Epping divided on hiring school resource officer
A warrant article seeking $35,570 to pay the officer for a half year beginning July 1 generated the most discussion at the town's annual deliberative session even as voters face big-ticket items like a $2.5 million plan to buy water-rich land and a new $2.3 million town library.
Resident Kim Krenzer, who has a daughter at the high school, was among those who urged voters to approve the position when they vote at the polls on March 12.
"As a parent, I'm very concerned about what's happening (at the high school)," she told the nearly 100 voters in attendance.
Police have been called to the school many times since September to address truancy issues, out-of-control students, vandalism and other problems, she said.
"This is happening every day right here in our small community," she said.
The police department had a school resource officer from 2000 to 2002, but the position was suspended when an officer was placed on active military duty and there was a shortage of officers.
If approved, the officer, who would earn an estimated yearly salary of $76,350 in 2014, would serve in the elementary, middle and high schools on a daily basis.
When students are on summer vacation, Police Chief Michael Wallace said the officer would assist with routine patrols.
Robert Jordan and James McGeough are the only selectmen who support the position.
McGeough, a retired police officer and current high school teacher in Manchester, spoke of the many benefits he's seen by having a resource officer in Manchester.

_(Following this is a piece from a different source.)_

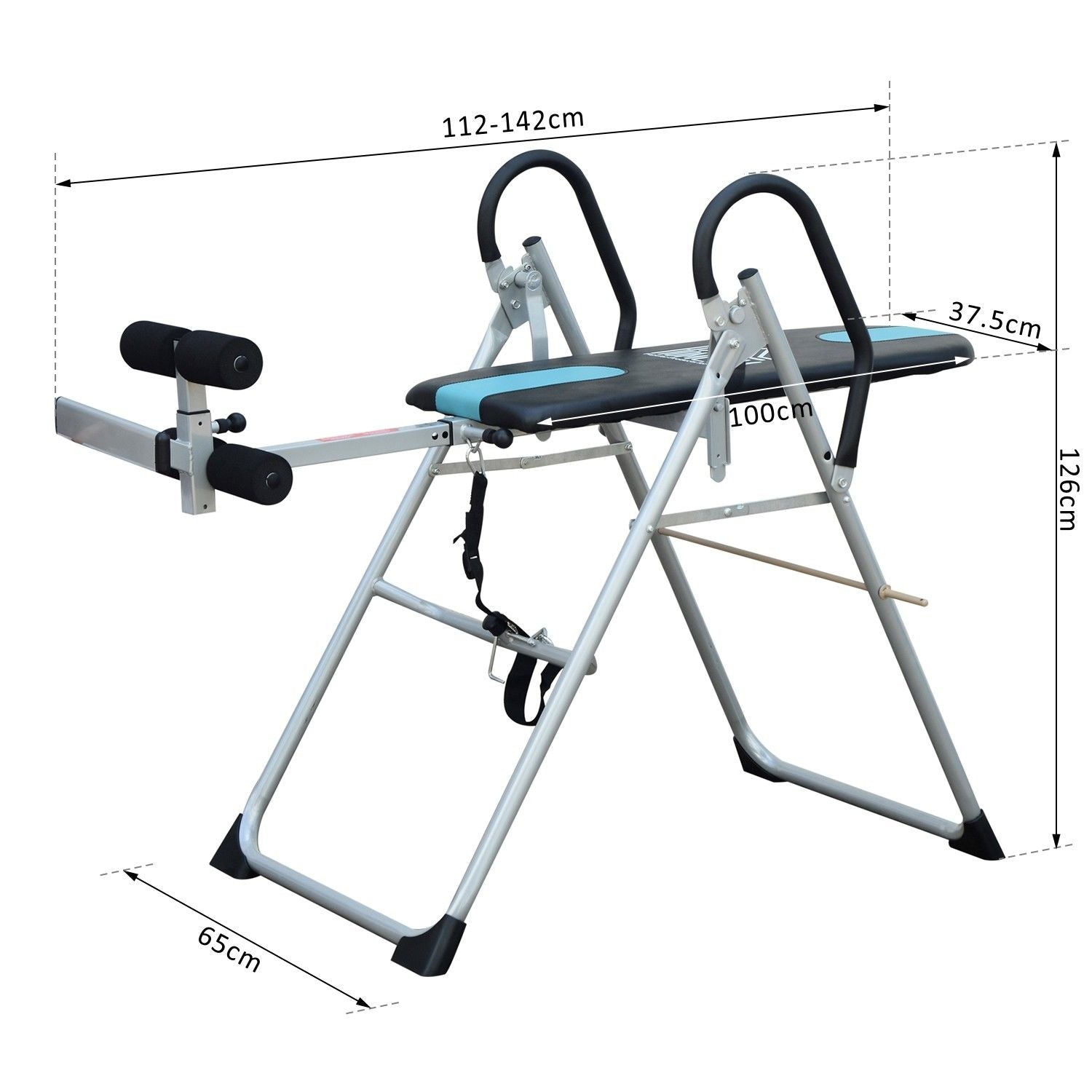 HOMCOM Foldable Gravity Inversion Table Back Therapy Home Fitness Bench Black 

He said the officer there has received many leads on crimes from students.
Selectman Dianne Gilbert opposed the hire, insisting that the school district may want to look at hiring security guards or retired police officers.
Selectman Tom Gauthier said one officer serving three schools wouldn't stop a tragedy like the shooting in Newtown, Conn. He said he would rather spend the money on security system improvements.

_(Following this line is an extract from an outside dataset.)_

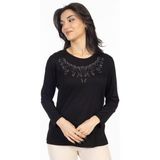 Mutlu City Yeni Model Taş Işlemeli Yuvarlak Yaka Likralı Anne Penye Bluz 6420 - 2XL - Siyah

But police Sgt. Rich McFadden, who previously held the position, said it was a valuable resource, adding that the presence of a police cruiser parked in front of the schools would also be a deterrent.
Meanwhile, selectmen and the town's water and sewer commissioners urged voters to back the proposed purchase of 75 acres of land behind the Epping Crossing shopping center. The land has five wells on the property that could generate an abundance of water for the town as it tries to maintain its current supply and meet the growing demand from rapid commercial growth.

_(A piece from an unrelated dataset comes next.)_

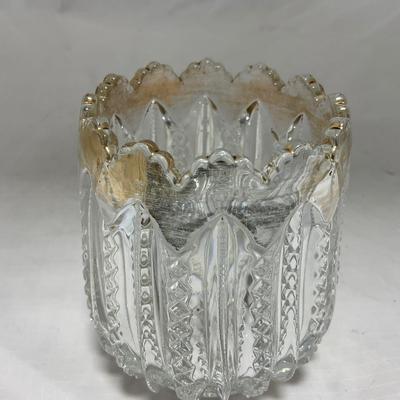 -94- Clear Glass with Gold Accents | Covered Butter Dish | Creamer & Sugar | Lidded Jar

The land purchase has received the support of a majority of voters for the past two years, but has come up short of the 60 percent vote required to pass.
"This land represents a sustainable water management for the town of Epping for many, many years to come," said Henry DeBoer, chairman of the town's water and sewer commission.
Under the proposal, which is supported unanimously by selectmen, the land would be purchased through a 20-year bond.
DeBoer said half of the bond payments would be covered by water user fees along with half of all new connection fees.
"If we don't purchase this land, we're going to be purchasing water from the people who do purchase this land," Selectman Karen Falcone said.
A proposal to build a new library generated no questions from voters. While the library trustees back the plan, neither selectmen nor the town's budget committee support it.
The library proposal was amended to add $44,000 back into the plan to cover the cost of razing the old library and building a park on the site.
Library Trustee Heather Clark, board chairman, said the new library was "an opportunity to make Epping really proud of what we're offering our community."
Voters made no changes to the proposed $6.4 million budget, but increased the amount of surplus money to be added to a town hall improvement fund from $10,000 to $35,000.
Other warrant articles were sent to the warrant unchanged.